The current prevailing treatment method, shunting excess cerebrospinal fluid to another location in the body, works well and improves lives, but it does come with some drawbacks that Kestle and the rest of the HCRN want to resolve, whether through innovation or updates to current methods. Shunt use began in the 1940s, rose in popularity through the 60s, and continues today. Unfortunately, shunts are often prohibitively expensive, costing thousands of dollars. There is also a significant risk of infection that comes with implanting foreign substances in the body; shunts are life-time implants that can be difficult to manage both for parents and for patients as they age. And, probably most influential in the pursuit of new treatment methods: a shunt will nearly always fail. In fact, 40–50% fail within 2 years of placement, and 80–90% fail within 10 years. On average, shunts will malfunction 2–3 times and require multiple operations over the course of a patient’s life. 

In the early 2000s, Benjamin Warf, MD, was working on hydrocephalus cases in Uganda and became concerned about treating children with shunts in rural areas where access to care is not guaranteed. He knew that children who experienced shunt failure might die before reaching a clinic that could address the failure, so he began looking for other treatment solutions.


Dr. Warf decided to combine two well-known procedures to treat hydrocephalus in a novel way: endoscopic third ventriculostomy (in which an opening is created in the floor of the third ventricle to allow cerebrospinal fluid to drain) and choroid plexus cauterization (which decreases the amount of cerebrospinal fluid produced). The combination of these two procedures (known as ETV+CPC) allows patients to avoid the excessive cost of shunt placement and is associated with lower risk, especially as patients age. This method has now been used to treat many children (approximately 800 infants per year) in Uganda and surrounding countries. 

While it’s incredible to see a new treatment method develop in a low-income country and then spread to the rest of the world, these methods cannot be immediately applied in the United States because most cases of hydrocephalus in Uganda stem from infection from meningitis whereas most cases in the US are congenital. It is also unclear whether the cognitive outcome of patients after ETV+CPC is equivalent to that of patients who have had a shunt placed.

John Kestle, MD, in the OR

Therefore, in 2019, Dr. Kestle applied for and received an almost $10 million grant to continue studying hydrocephalus with the HCRN and to perform a trial based on the research done by Dr. Warf in Uganda. The primary questions Dr. Kestle hopes to answer during the course of the trial are 1) do the results seen by Dr. Warf translate to a patient population with congenital hydrocephalus rather than post-infection hydrocephalus, 2) will the enlarged ventricles (which studies show do not shrink after ETV+CPC) cause problems as the child grows, and 3) as patients age and are more removed from the initial surgery, will they continue to see outcomes as good as or better than the outcomes seen with shunting over the past 80 years?
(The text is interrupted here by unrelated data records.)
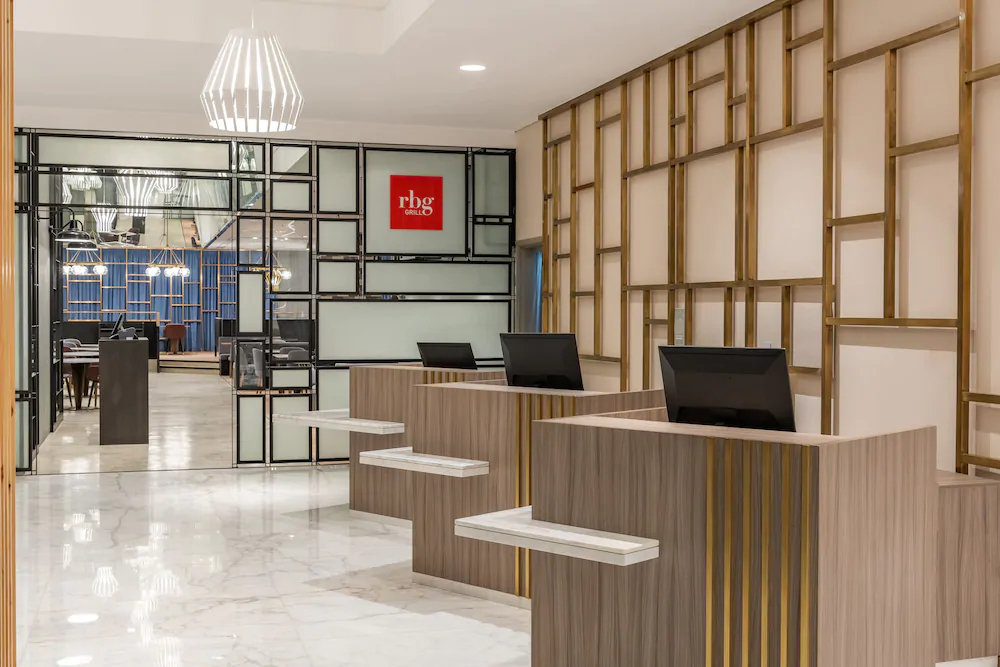 Park Inn By Radisson Riyadh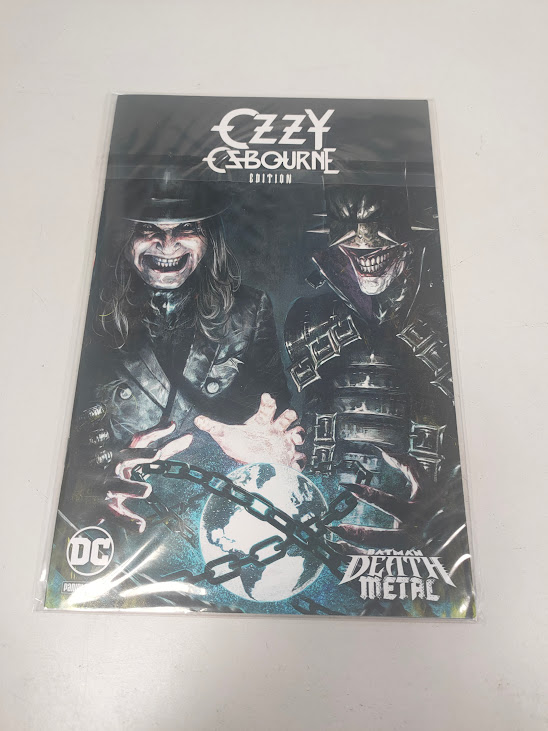 Lotto 7 Fumetti Batman Death Metal DC Panini Comics 2021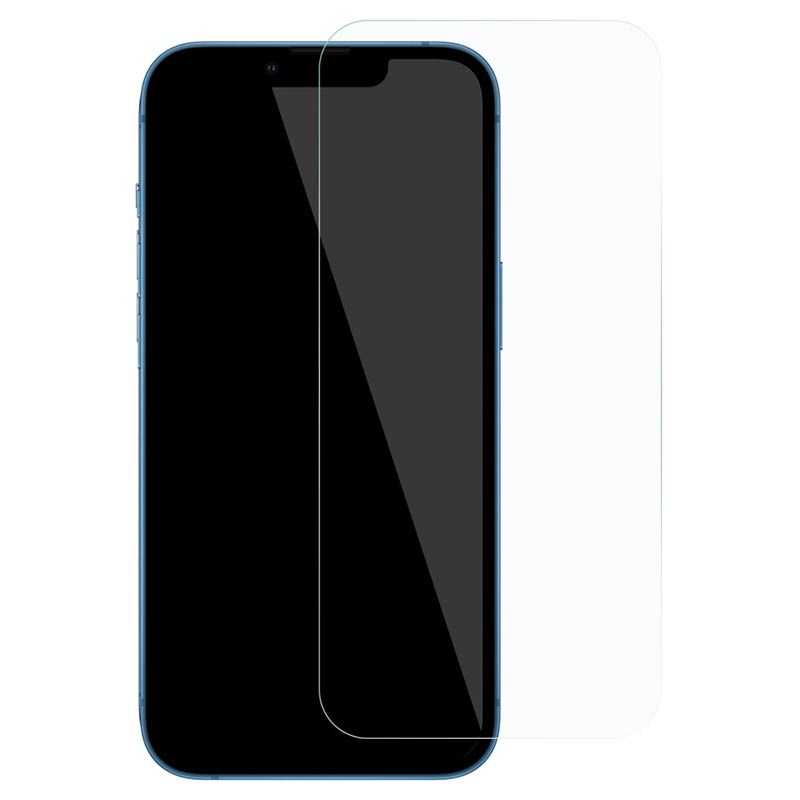 iPhone 14 Pro Tempered Glass Screen Protector Clear
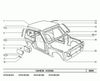 Фото усилитель задней панели 21213-5601106 LADA 4х4 Нива Автоваз 21213560110600 Автоваз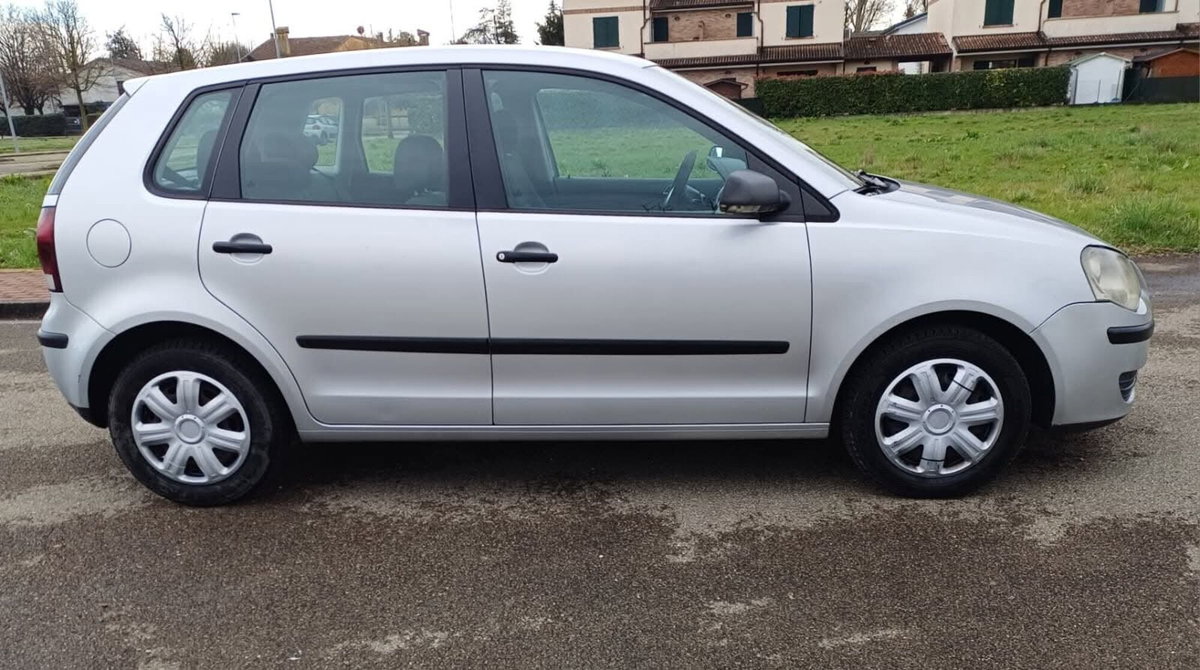 Volkswagen Polo 1.2 12V 3p. Trendline (4)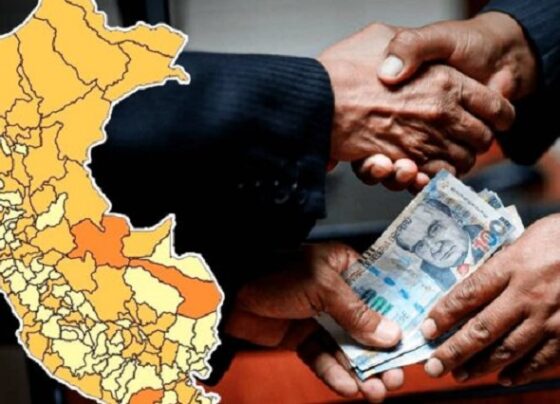 Gobiernos locales lideran ranking de instituciones con mayores casos de corrupción
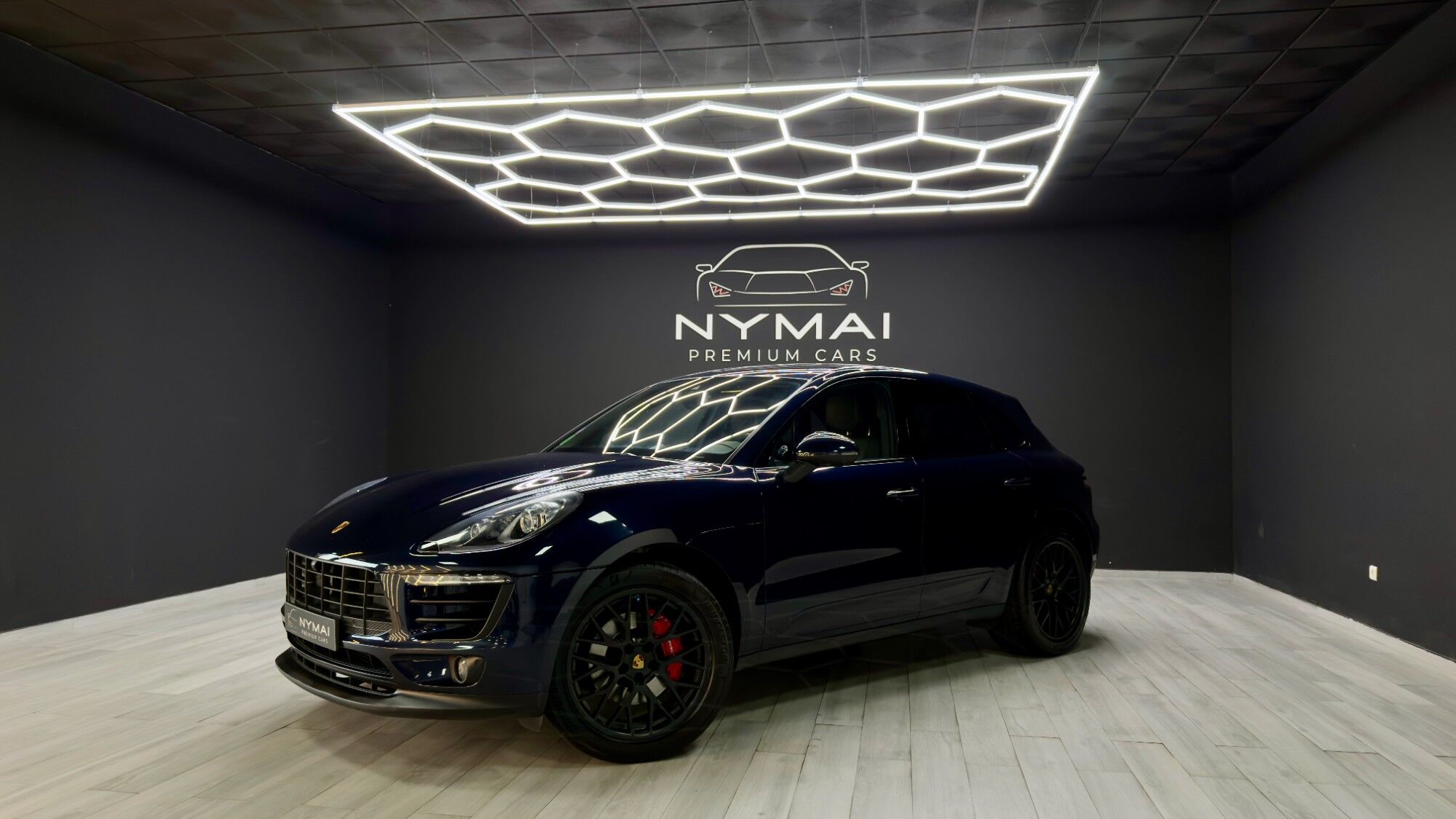 Foto del PORSCHE Macan S Aut.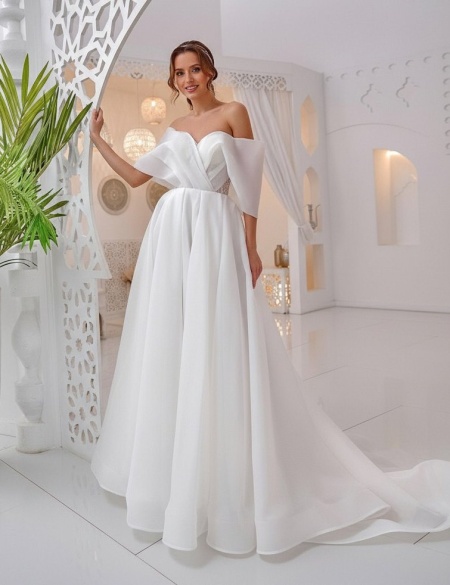 Свадебное платье Кэтрин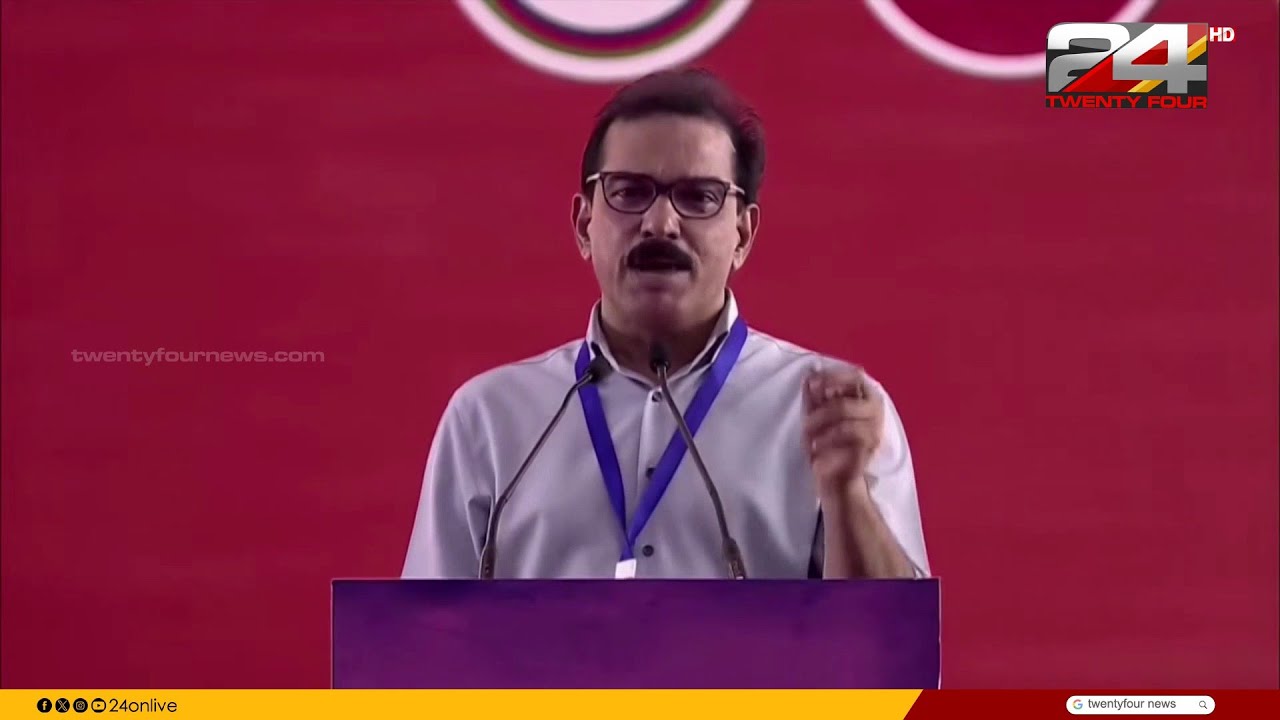 'കേരളം മാറണം..LDF -UDF നെയും തൂത്തെറിയണം, മോദി എന്ന നേതാവിനെ അത് സാധിക്കൂ;';Sabu M Jacob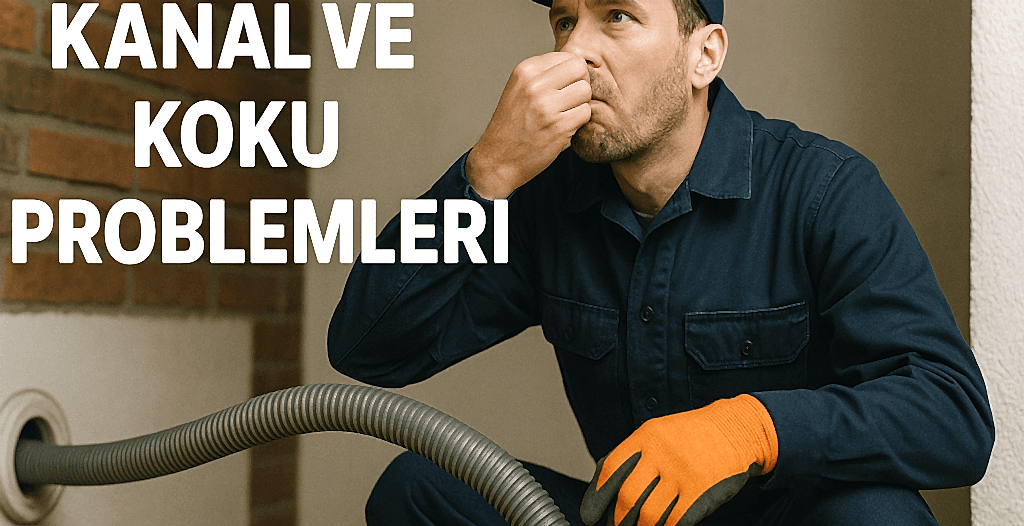 Kanal ve Koku Problemleri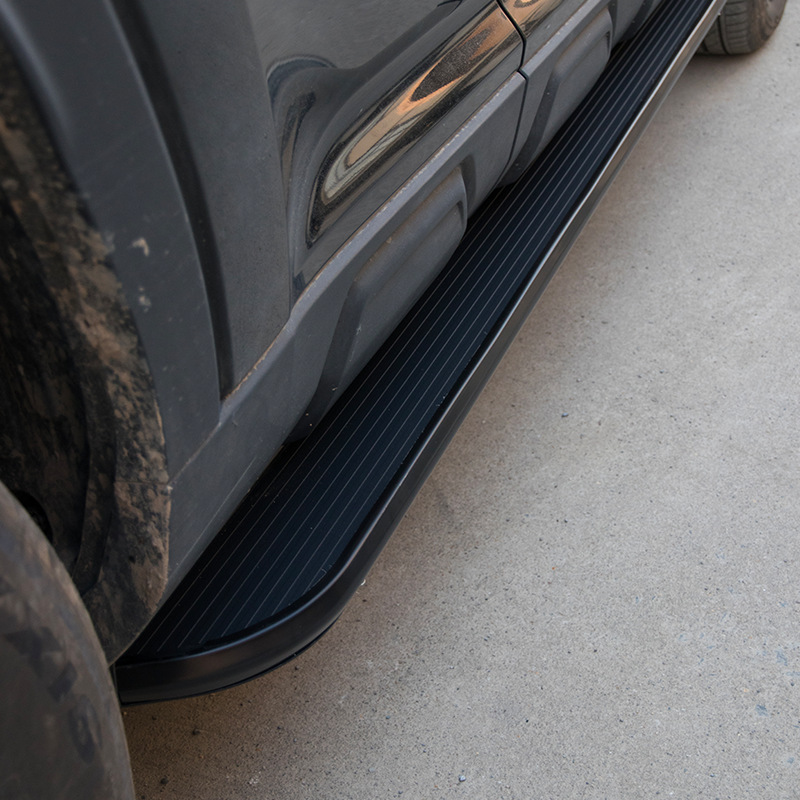 New Great Wall Haval Raptors Guards Section Off-Road Special Side Foot Pedal Anti-Collision Pedal Accessories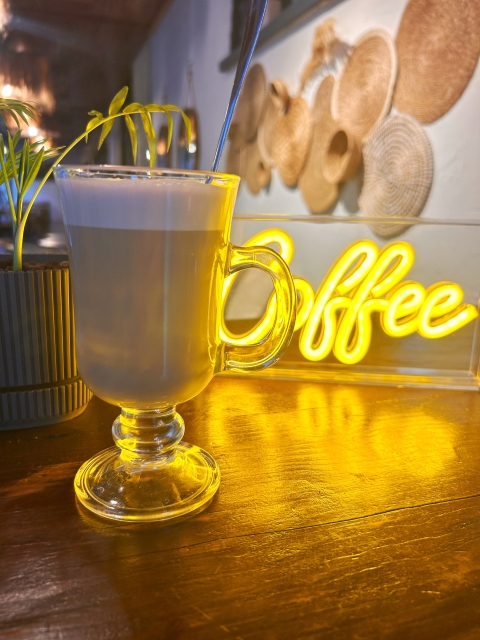 Chai Tea Latte
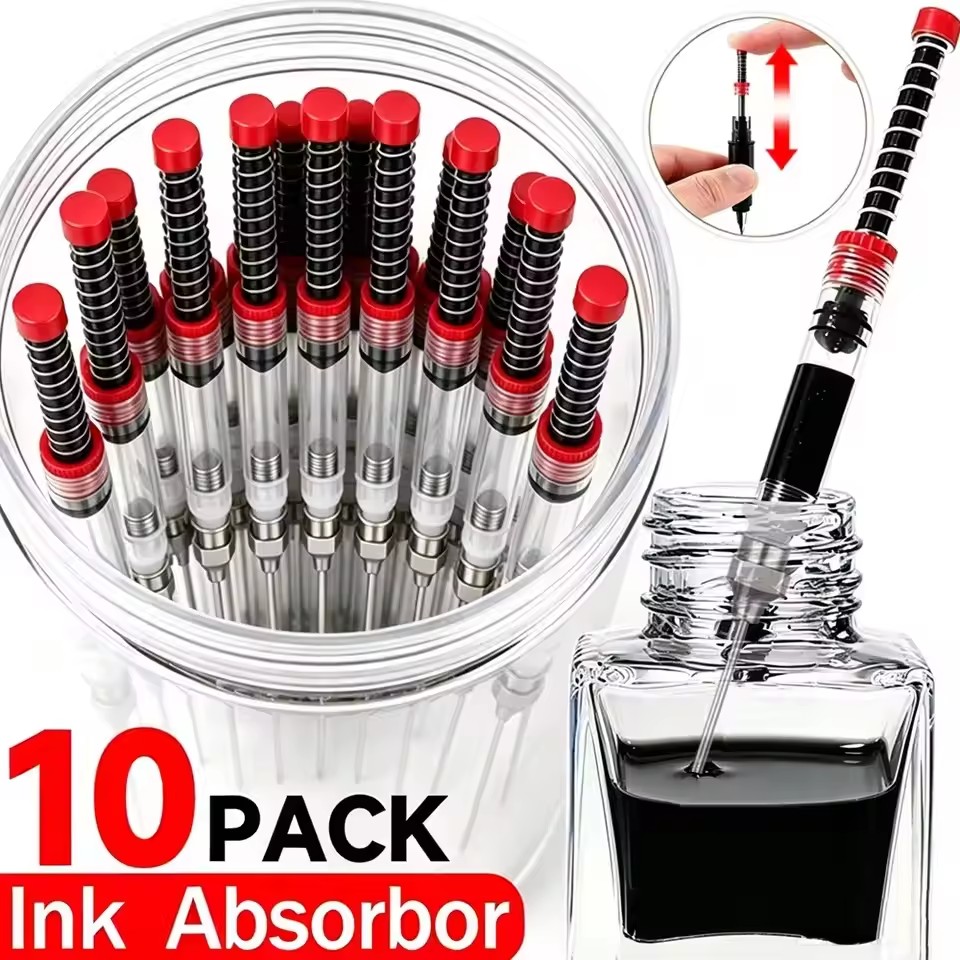 1-10pcs Fountain Pen Filler In - Fountain Pen Ink review and price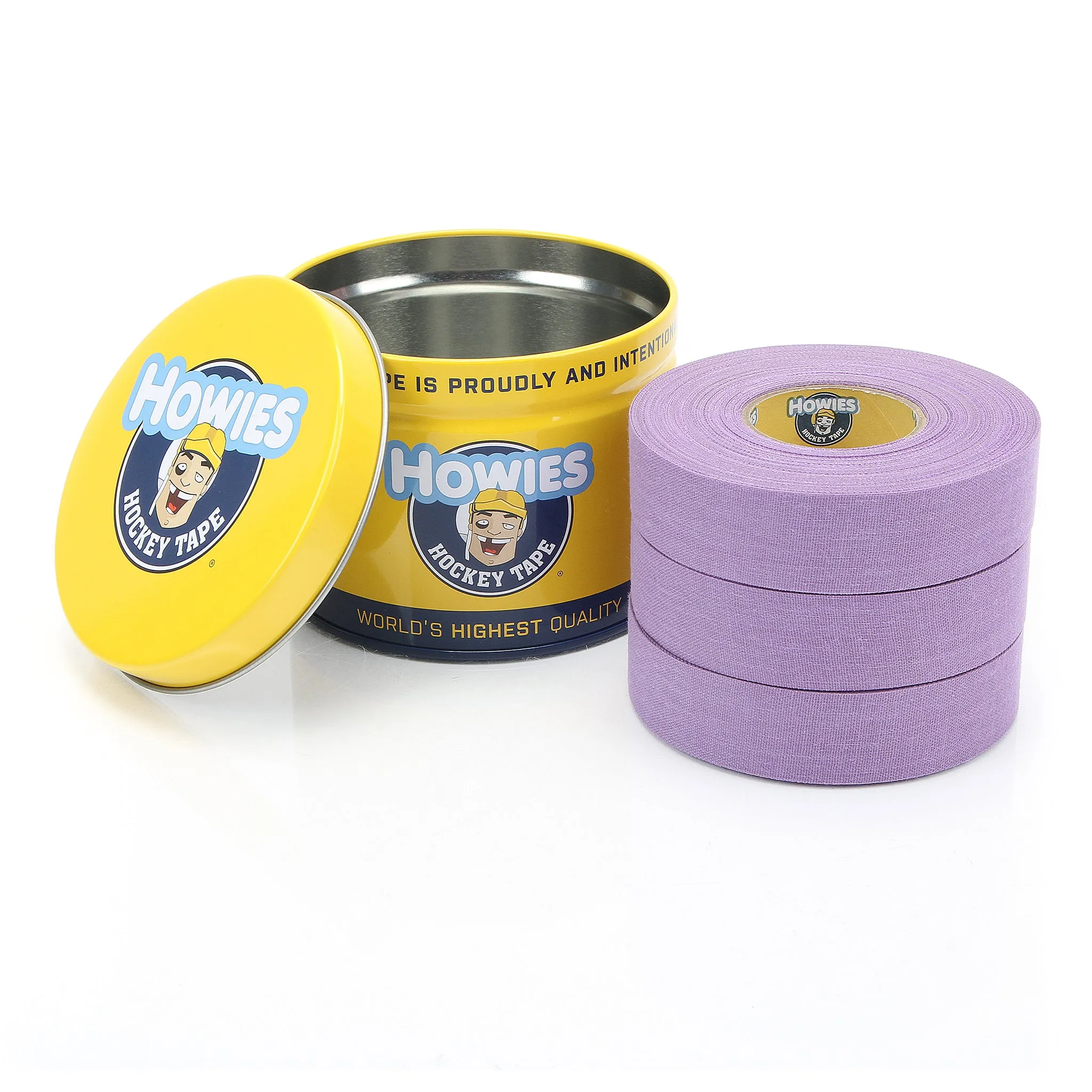 Howies Lavender Cloth Hockey Tape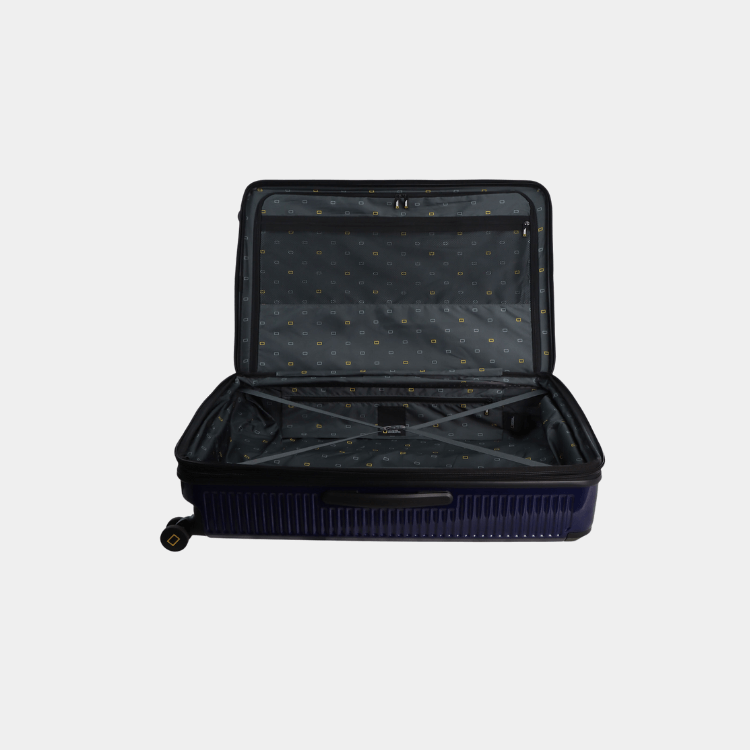 Metallic PC Luggage (Large)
The trial runs from September 2019 through August 2027 and is approximately halfway through accrual. Patients are monitored for up to 5 years (with a 1-year minimum follow-up) after their first treatment for hydrocephalus. Although the trial is not complete and outcomes are still being determined, we’re proud to have Dr. Kestle at the forefront of this research in the US and excited to see the progression of this work as patients age and it can be determined whether the long-term outcomes of this surgery will be better than those of shunting.